15. With regard to the grounds that the judge erred by failing to take into account the fact that the appellant cannot be expected to hide his view about atheism in order to be safe in Bangladesh and to assess the risk on return on that basis this ground is misconceived. The judge was fully aware that the appellant would continue to express his views, hence the consideration of what his profile would be. There was no suggestion that the judge considered he would not be at risk if he kept his views hidden. On the basis of the low profile the judge correctly considered the risk on return on that basis.

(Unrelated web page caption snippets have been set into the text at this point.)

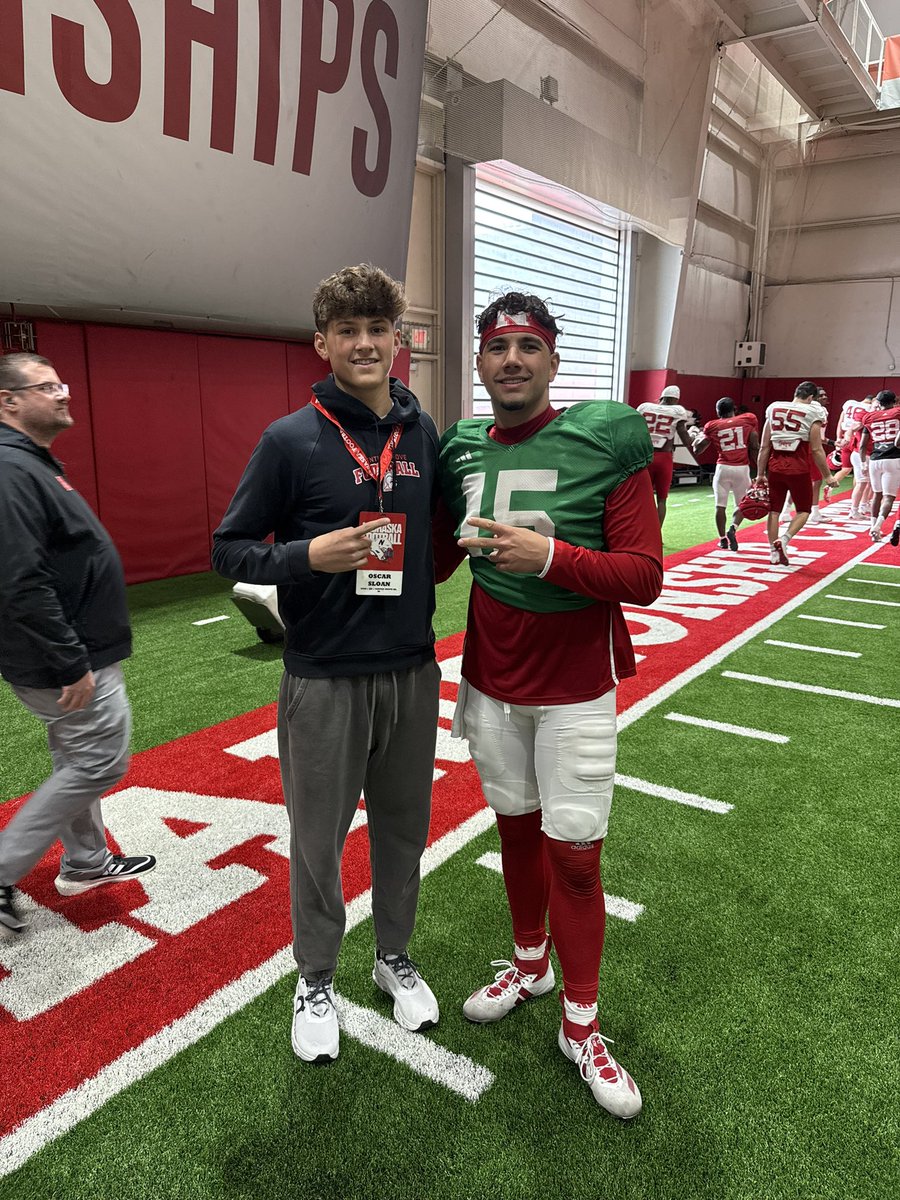 Oscar Sloan (@oscarsloan18) on Twitter photo I really enjoyed my time at Nebraska! First class facility’s, coaches, and staff!!! It was really cool to meet and talk to <a href="/RaiolaDylan/">Dylan Raiola</a> Can’t wait to be back!!! #GBR <a href="/CoachMattRhule/">Matt Rhule</a> <a href="/_CoachGThomas/">Coach Thomas</a> <a href="/CoachEJbarthel/">EJ Barthel</a> <a href="/Adam_DiMichele/">Adam DiMichele</a> <a href="/taylor4richards/">Taylor Richards</a> <a href="/HikeDevon/">Devon Hike</a> <a href="/HuskerFBRecruit/">Nebraska Football Recruiting</a> I really enjoyed my time at Nebraska! First class facility’s, coaches, and staff!!! It was really cool to meet and talk to <a href="/RaiolaDylan/">Dylan Raiola</a> Can’t wait to be back!!! #GBR <a href="/CoachMattRhule/">Matt Rhule</a> <a href="/_CoachGThomas/">Coach Thomas</a> <a href="/CoachEJbarthel/">EJ Barthel</a> <a href="/Adam_DiMichele/">Adam DiMichele</a> <a href="/taylor4richards/">Taylor Richards</a> <a href="/HikeDevon/">Devon Hike</a> <a href="/HuskerFBRecruit/">Nebraska Football Recruiting</a>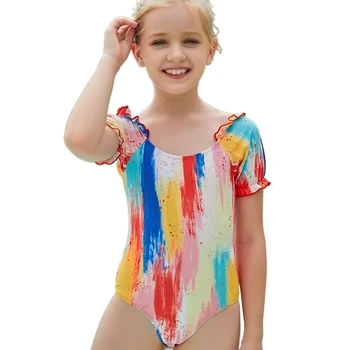 Цельный купальник для девочек, быстросохнущий пляжный купальный костюм, купальники 3-10 лет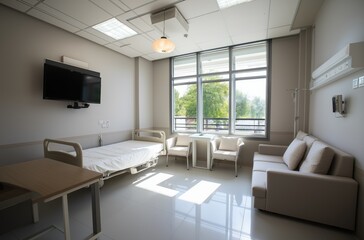 Fototapeta premium A modern hospital patient room with a bed, couch, table, and medical equipment, featuring white walls, a window, minimal furniture, and ceiling lights, designed for patient comfort and recovery.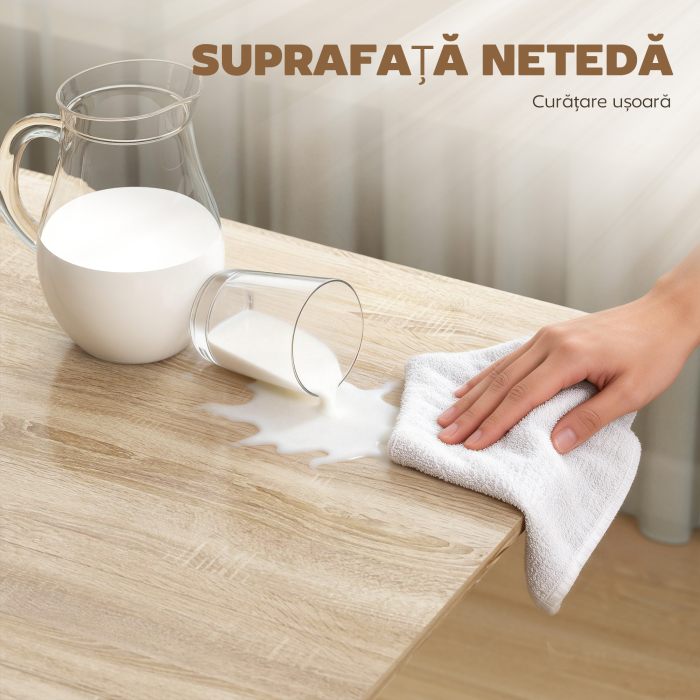  Masa Pliabila pentru 4-6 Persoane cu 2 Extensii si Roti cu Frana, 120x80x73 cm, Stejar [7]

16. The appeal on Article 8, either within or outside the Immigration Rules, was not pursued at the hearing before me. The decision of the First-tier Tribunal that the appellant does not meet the requirements of the Immigration Rules and that there are no reasons to examine Article 8 outside the rules therefore stands.
17. I find that there is a material error of law in the First-tier Tribunal decision. I set that decision aside pursuant to section 12(2)(a) of the Tribunals, Courts and Enforcement Act 2007 ('TCEA').
18. I considered whether or not I could re-make the decision myself. I considered the Practice Statement concerning transfer of proceedings. I am satisfied that the nature and extent of judicial fact finding that is necessary in order for the decision in the appeal to be re-made is such, having regard to the overriding objective, that it is appropriate to remit the matter to the First-tier Tribunal.
19. I remit the case to the First-tier Tribunal for the asylum appeal to be heard at the First-tier Tribunal at Hatton Cross before any judge other than Judge Kimnell pursuant to section 12(2)(b) and 12(3)(a) of the TCEA. A new hearing will be fixed at the next available date.
Decision
The decision of the First-tier Tribunal contained a material error of law. The case is remitted to the First-tier Tribunal at Hatton Cross for the asylum appeal to be re-heard before any judge other than Judge Kimnell. The First-tier Tribunal decision on the Immigration Rules and Article 8 stands.